In a post yesterday, I provided a YouTube link for Bill Bellew’s comments at Monday night’s Board of Supervisor meeting.  Several people have asked me if I had a ‘hard copy’ of his remarks so I was delighted to see that Bill submitted his comments in a Letter to the Editor in this week’s edition of the Main Line Suburban Life newspaper.  Bill’s words provide a powerful statement. (see below).

I agree with Bill that we (supervisors and residents) need to be looking ahead to the 2011 budget.  Mid-year provides an excellent opportunity to review the actual vs budgeted expenses and revenues of the 2010 budget to date. (the next supervisors meeting in June marks the halfway point).  In addition to a mid year 2010 budget review,  work needs to begin on the 2011 budget.  The 2010 township budget required major cuts across the board, including personnel, fire and library funding, etc.  If you recall, by this time last year the BAWG was  in place and well underway in 2010 budget discussions.

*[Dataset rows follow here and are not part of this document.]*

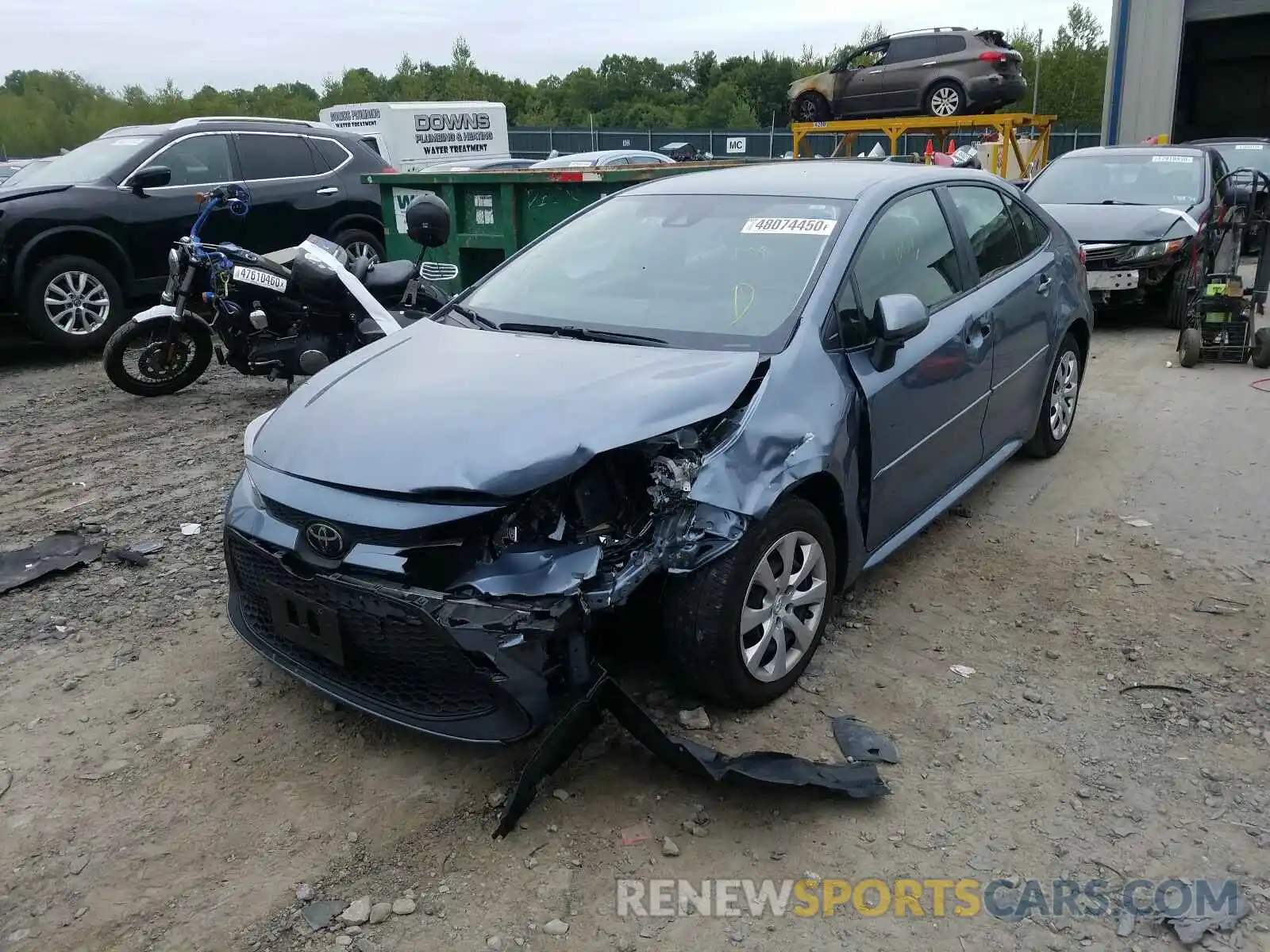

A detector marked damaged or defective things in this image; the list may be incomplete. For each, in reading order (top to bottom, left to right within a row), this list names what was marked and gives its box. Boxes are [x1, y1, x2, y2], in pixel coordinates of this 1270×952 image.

crushed front end [223, 381, 756, 746]
damaged headlight area [444, 421, 746, 606]
damaged silver car [225, 162, 1092, 746]
damaged blue toyota corolla [223, 162, 1097, 746]
torn bumper piece [490, 665, 889, 838]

 The 2011 budget cannot wait until November or December; delaying the discussion does not demonstrate fiscal responsibility. 

Tredyffrin drama must end

To the Editor:

Day after day, Tredyffrin seems to be bombarded with political drama without an end in sight. Now in May of 2010, the budget “play” leading up to the 2010 year is still out there. A personal opinion might be that the Board of Supervisors might have told the firefighters serving the township ahead of time that a cut in funding had to be made. Added to that might have been a suggestion that together, the BOS and the firefighters could join forces to fill the void.

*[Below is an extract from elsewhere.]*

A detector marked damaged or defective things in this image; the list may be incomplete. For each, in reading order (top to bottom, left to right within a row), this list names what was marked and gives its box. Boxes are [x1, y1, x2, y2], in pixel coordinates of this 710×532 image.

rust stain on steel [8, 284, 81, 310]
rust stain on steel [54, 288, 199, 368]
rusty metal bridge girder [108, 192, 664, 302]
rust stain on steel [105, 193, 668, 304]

The reality is that filling the void was not on the BOS’ minds beforehand. Only when the “people of all walks of life” rose in a concerted chorus to point out what impact the “modest 5-percent” cut would have on the three fire companies (our leading volunteers) did the BOS see the dilemma they created for themselves.

For some unknown reason, the BOS has been unwilling to share where the $24,000-plus in contributions to fill the void came from. Let’s end the political drama three of the BOS members created. Here is what I know to be fact:

1) The Republican Party spearheaded the effort to acquire the funding.

2) They did it ahead of schedule and raised more than they thought they would.

3) The party did not write a check – their members wrote individual checks in excess of $5,000 – or approximately 20 percent of the total raised.

4) Six large donations from companies, trusts, and law firms totaled $5,500 – or approximately 23 percent of the total raised.

5) Eight present or former members of the BOS contributed $2,800.

6) One present board member contributed $5,000, which is not part of other contributions listed here. Yes – five thousand dollars.

7) The remainder came from other sources solicited by the Republican Party.

8) Now that is political purpose!!! Hats off to the party for this work. Thank you from all of us.

What many citizens do not understand is why the BOS has taken courses of action that have stirred controversy and raised the hair on the back of our collective necks for no intelligent reason. The two examples to be mentioned are the cutting of the fire-company budget without sharing that with the firefighters beforehand, and the totally unbelievable vote on the sidewalks near Mt. Pleasant.

Transparency in this township is starting to disappear. Some of the present board appear to be turning what happens in Tredyffrin into a back-room game to be run by political hacks.

A few weeks ago, the chair of the BOS wrote his second major article since Dec. 9 of last year explaining himself and his actions. Why? Why is it necessary that so much effort be put into all of this when – if the BOS had been up-front and open – we could be talking about the future and not the past?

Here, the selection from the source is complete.